── DATA ──
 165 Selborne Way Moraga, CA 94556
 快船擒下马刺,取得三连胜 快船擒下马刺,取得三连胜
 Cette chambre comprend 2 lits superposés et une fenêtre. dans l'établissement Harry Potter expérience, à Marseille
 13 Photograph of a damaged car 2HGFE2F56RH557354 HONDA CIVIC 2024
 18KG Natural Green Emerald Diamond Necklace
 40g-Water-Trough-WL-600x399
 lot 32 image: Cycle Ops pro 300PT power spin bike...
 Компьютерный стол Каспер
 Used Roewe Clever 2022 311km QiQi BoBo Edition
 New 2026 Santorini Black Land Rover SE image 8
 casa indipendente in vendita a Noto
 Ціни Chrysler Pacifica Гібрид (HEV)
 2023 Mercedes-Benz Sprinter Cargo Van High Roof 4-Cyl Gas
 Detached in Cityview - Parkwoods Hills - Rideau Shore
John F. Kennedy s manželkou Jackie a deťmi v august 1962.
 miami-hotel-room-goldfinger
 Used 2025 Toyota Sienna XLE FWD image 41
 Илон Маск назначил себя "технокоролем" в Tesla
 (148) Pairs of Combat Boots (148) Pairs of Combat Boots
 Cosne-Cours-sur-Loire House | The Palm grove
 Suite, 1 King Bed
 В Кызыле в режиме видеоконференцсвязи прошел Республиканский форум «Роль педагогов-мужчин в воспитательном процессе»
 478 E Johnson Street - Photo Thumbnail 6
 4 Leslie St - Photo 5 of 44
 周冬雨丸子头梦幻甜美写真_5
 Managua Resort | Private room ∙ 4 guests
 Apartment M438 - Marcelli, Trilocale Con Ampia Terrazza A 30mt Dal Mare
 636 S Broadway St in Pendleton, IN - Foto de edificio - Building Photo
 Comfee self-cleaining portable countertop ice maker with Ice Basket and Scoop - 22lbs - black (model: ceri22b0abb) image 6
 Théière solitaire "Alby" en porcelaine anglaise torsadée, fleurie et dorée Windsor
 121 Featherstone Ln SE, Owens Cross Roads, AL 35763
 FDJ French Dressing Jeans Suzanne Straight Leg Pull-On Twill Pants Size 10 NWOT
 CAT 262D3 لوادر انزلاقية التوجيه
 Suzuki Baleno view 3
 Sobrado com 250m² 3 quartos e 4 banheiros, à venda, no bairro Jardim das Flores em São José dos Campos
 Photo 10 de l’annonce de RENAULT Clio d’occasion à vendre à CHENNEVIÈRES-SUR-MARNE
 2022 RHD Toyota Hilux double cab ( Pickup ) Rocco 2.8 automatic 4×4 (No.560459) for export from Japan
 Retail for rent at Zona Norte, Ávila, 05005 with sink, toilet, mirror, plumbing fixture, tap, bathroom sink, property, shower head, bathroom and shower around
───
• WHAT YOU SHOULD DO
Word for word, quote the lines of the material from the first line through the line with "Detached in Cityview", both ends included.

• PROBLEM SOLUTION
 165 Selborne Way Moraga, CA 94556
 快船擒下马刺,取得三连胜 快船擒下马刺,取得三连胜
 Cette chambre comprend 2 lits superposés et une fenêtre. dans l'établissement Harry Potter expérience, à Marseille
 13 Photograph of a damaged car 2HGFE2F56RH557354 HONDA CIVIC 2024
 18KG Natural Green Emerald Diamond Necklace
 40g-Water-Trough-WL-600x399
 lot 32 image: Cycle Ops pro 300PT power spin bike...
 Компьютерный стол Каспер
 Used Roewe Clever 2022 311km QiQi BoBo Edition
 New 2026 Santorini Black Land Rover SE image 8
 casa indipendente in vendita a Noto
 Ціни Chrysler Pacifica Гібрид (HEV)
 2023 Mercedes-Benz Sprinter Cargo Van High Roof 4-Cyl Gas
 Detached in Cityview - Parkwoods Hills - Rideau Shore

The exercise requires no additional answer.